A mi tercer día de estar en
Duhatao, han vuelto los tiuques en busca de su pan cotidiano. Pan sí, no queso.
De momento lo están aceptando así. Estamos a final de verano y hay varios
jovencitos entre los que vienen a pedirme. Se distinguen no solo por su menor
tamaño, sino porque tienen las cabecitas todavía medio blancas. Y por el hambre
inacabable que manifiestan.
La simpática presencia de los
tiuques me acompaña, pero también me hace echar de menos otras presencias que
sean humanas. Esta ausencia de semejantes, además de traerme un silencio que
necesito, me activa la memoria. Los recuerdos de otras personas están ahora,
libres de otros ruidos humanos, más vivos y presentes que nunca. A veces me
hacen sentir la necesidad de hacer balance, de cuadrar las cuentas pendientes
que me unen a ellas.
Me encuentro con que a mí nadie
me debe nada, ni explicaciones, ni reparaciones, ni siquiera el reconocimiento
que implicaría formular un sencillo “lo siento”. Desde mi perspectiva, lo que
pudieron deberme en su día está ya saldado o descontado. Y esto me trae la paz
del solitario, teñida de misantropía.
Pero yo debo tanto… Aquí y ahora
soy dolorosamente consciente de las muchas veces que no pagué lo que me
correspondía, de las muchas oportunidades que desaproveché de invertir en algo
más de afecto, generosidad, paciencia, respeto, lealtad.

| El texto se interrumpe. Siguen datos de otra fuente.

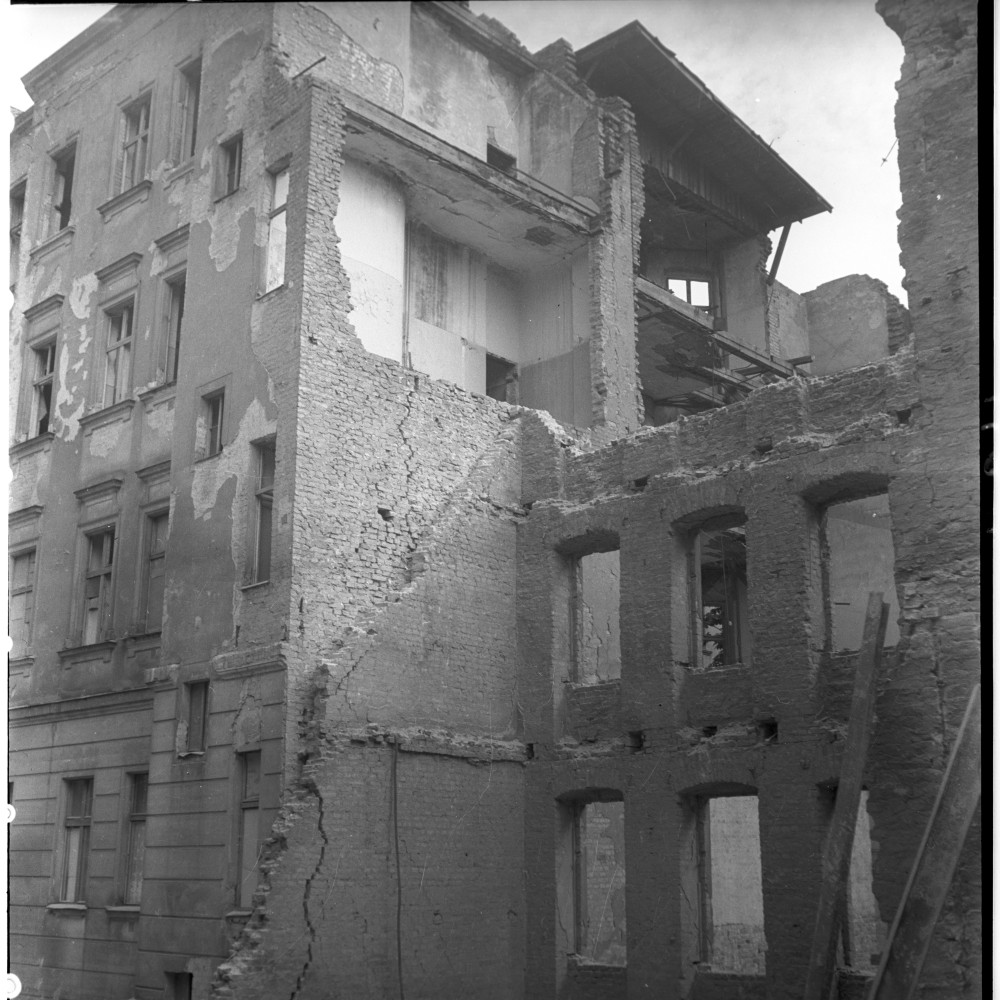 Negativ: Beschädigtes Haus, Eisenacher Straße 47, 1950 (Museen Tempelhof-Schöneberg/Herwarth Staudt CC BY-NC-SA)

Esto me duele, la paz que aquí
intenta llenarme se me va por entre los dedos del alma como si fuera agua.
Haría cualquier esfuerzo por tener otra oportunidad de pagar lo que sigo
debiendo. Aunque sé que el tiempo solo pasa una vez, que la vida es dura y
raramente se encuentran en ella caminos de vuelta.
Por eso me quedo con lo que ya
tenía desde el principio, los buenos recuerdos. Pero ahora soy agudamente
consciente de mi pequeñez, mi miseria. De que en última instancia son esos
buenos recuerdos es decir, la presencia
virtual de otras personas, lo único capaz de calentar mi soledad.